# Aim of the task:
Word for word, restate the listing; omit the pictures.

# Given material:

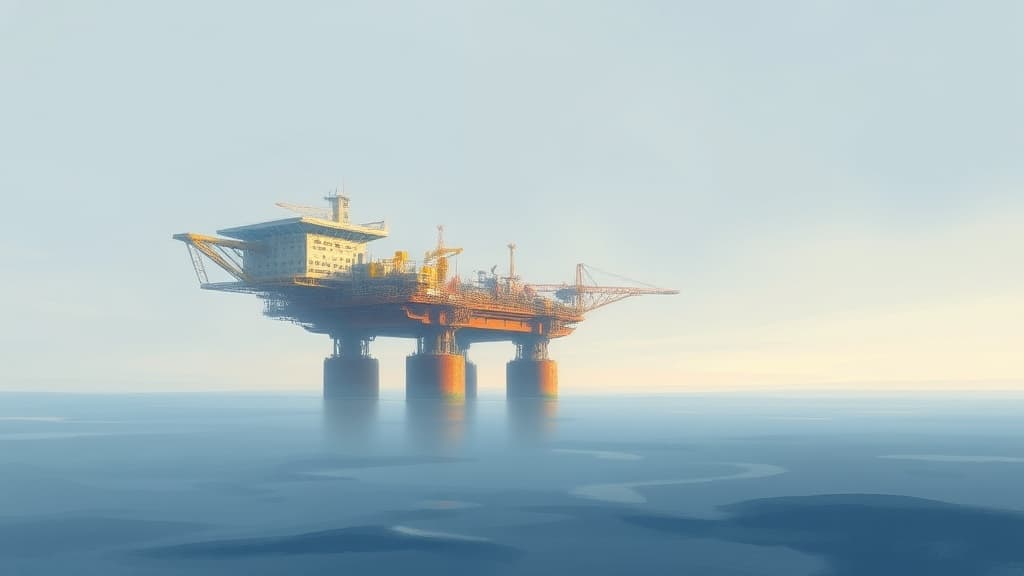 PTTEP Takes FID on SK405B Greenfield Oil Development Offshore Malaysia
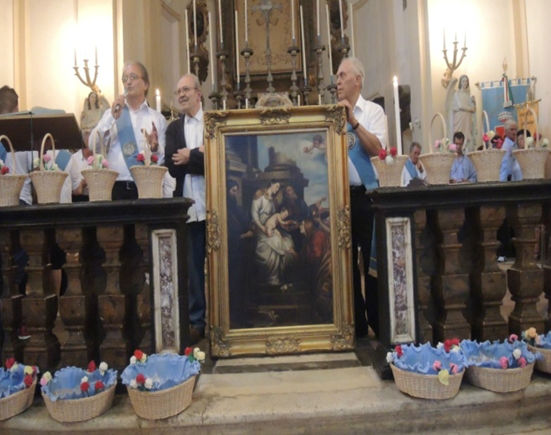 La XIII Edizione della Festa delle Canestrelle a Penna San Giovanni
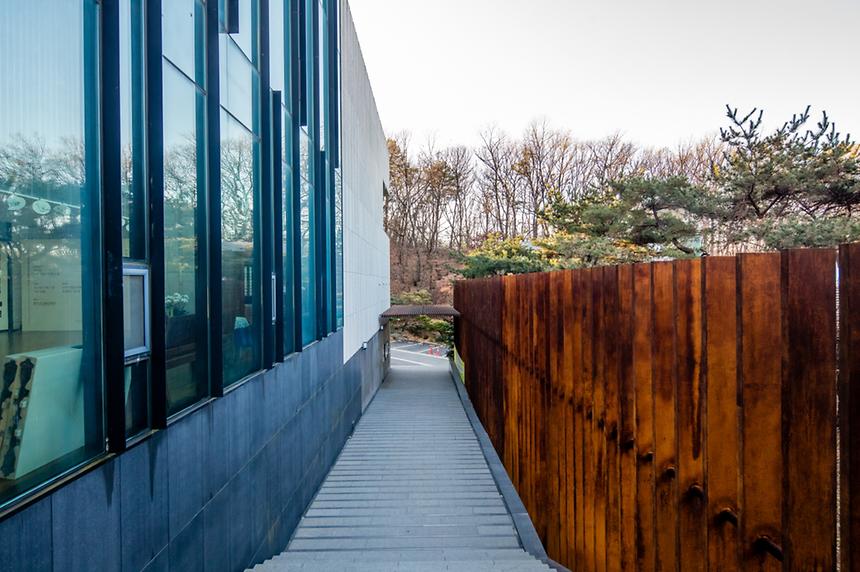 탄허대종사기념박물관 - 3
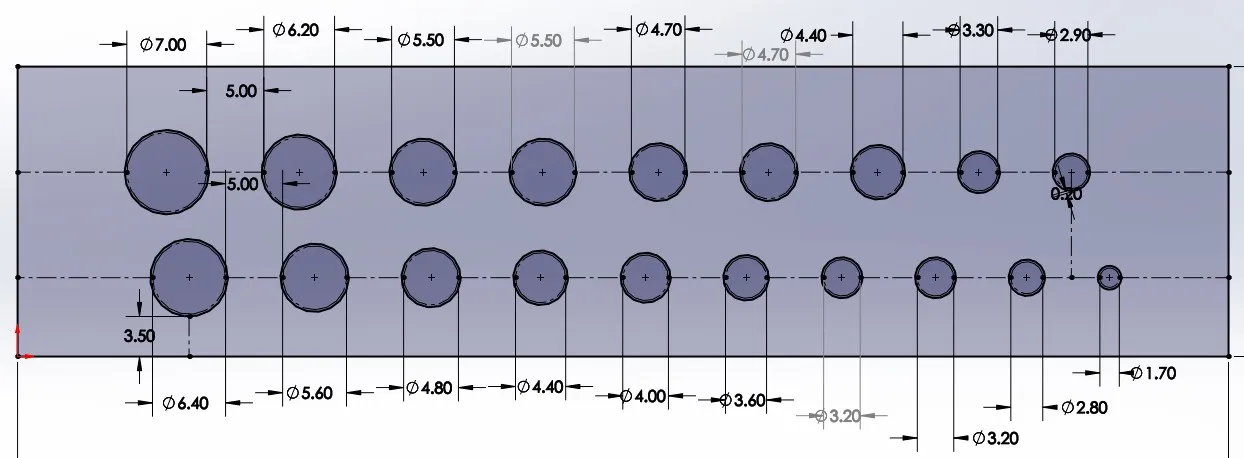 Tiêu đề Giá đỡ mũi khoan Pegboard Tóm tắt Một dụng cụ treo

# Result below:
 PTTEP Takes FID on SK405B Greenfield Oil Development Offshore Malaysia
 La XIII Edizione della Festa delle Canestrelle a Penna San Giovanni
 탄허대종사기념박물관 - 3
 Tiêu đề Giá đỡ mũi khoan Pegboard Tóm tắt Một dụng cụ treo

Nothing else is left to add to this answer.